An excellent place to start is Bukit Bintang (Star Hill in Bahasa Malayu), the heart of downtown KL. If you’re looking for the luxury shops, you can find everything from high-end designers like Gucci and Prada at the Star Hill Mall (next door to the Westin Hotel). The lower level also houses a great variety of gourmet restaurants.

Next door to the Star Hill Mall is Lot 10, one of the most popular stops for local fashionistas – great shoes and great bargains can be found in this slightly smaller, mid-priced shopping mall. Further down the street is Low Yat Plaza – electronics is the name of the game here, everything from cell phones to digital cameras to computers to MP3 players (but no clothes, shoes, glasses or books). Don’t forget to bargain hard, though, prices start in the stratosphere, but you can usually get some great deals if you’re willing to try a little banter with the shopkeepers.

Suria KLCC is Malaysia’s premiere shopping outlet – directly underneath the Petronas Towers. The ground level houses designer boutiques, while the upper levels showcase more mid-level shops. Suria has some great restaurants along with an international food court.

Kuala Lumpur (KL) tours - Night Market
A Night Market in Kuala Lumpur

Another great shopping stop is the hustle and bustle of Chinatown, specifically Jalan Petaling. Knock-offs of just about everything can be found, along with more traditional Chinese items. Prices are aimed at well-heeled tourists, so don’t forget to negotiate for everything – start at around 1/3rd of the quoted price and work up from there.

If you’re still on your feet by the time the sun goes down, KL has a great selection of Pasar Malam (night markets) all around the city. The Sunday night market in Bangsar is one of the largest, and a frequent favorite of expats living in KL. Fresh fruits and vegetables, along with all sorts of clothes, accessories and souvenirs can be found at any one of these fabulous markets.

Dining in Kuala Lumpur

Make sure you come to KL hungry because there is a lot to eat!

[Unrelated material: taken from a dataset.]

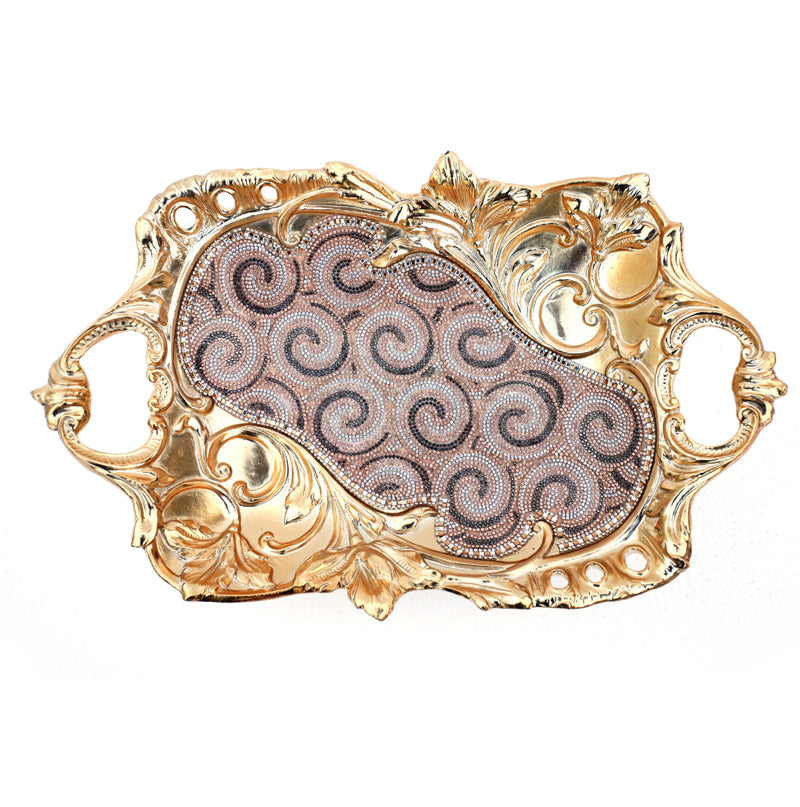 Ambrose Gold Plated Crystal Embellished Floral Ceramic Plate, featuring intricate floral designs and sparkling crystals.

From a budget meal on the street to a luxury, gourmet experience, there is something for everyone. One of the best places to explore KL’s culinary variety is Bangsar – just 5 minutes outside of the city center.

Those on a budget can feast on Indian, Chinese and Malay at any of the fantastic food stalls for a truly Malaysian dining experience. One of my favorite places to snack is Devi’s Corner in Bangsar (across from Bangsar Village) – start with some chicken satay from the vendor on the corner, add a delicious naan bread or roti Chennai, some Tandori chicken and some nasi goreng; wash it all down with some fresh fruit juice, and you have a meal fit for a king, but priced less than RM50 (US$14).

Kuala Lumpur (KL) tours - Devi’s Corner
Devi’s Corner in Kuala Lumpur

For those with slightly deeper pockets, Bangsar is a diner’s delight – restaurants range from Spanish tapas to Italian to Middle Eastern to German. Some favorite expat hangouts are La Bodega for tapas and Sangria; Telawi Street Bistro for Western European fare and great desserts, and Haus Frankfurt for authentic German sausage and schnitzel.

Kuala Lumpur’s Nightlife

Despite being a Muslim country, Malaysia has its fair share of bars and clubs (though alcohol can be quite pricey). A popular stop for tourists is around the corner of Jalan Sultan Ismail and Jalan P. Ramlee – an area of wall-to-wall bars, clubs and restaurants. Another hot spot, though slightly less noisy, is Bangsar – along with all those tasty restaurants, you can find trendy bars open until the early hours of the morning. A little farther afield is Sri Hartamas, a more local hangout, with a few small clubs and bars, catering more to the expat population.

Kim Cofino

Planning a trip to Malaysia? Browse Viator’s list of tours and things to do in Kuala Lumpur, from a KL City Tour to dinner at the Petronas Towers to the Kuala Selangor Fireflies.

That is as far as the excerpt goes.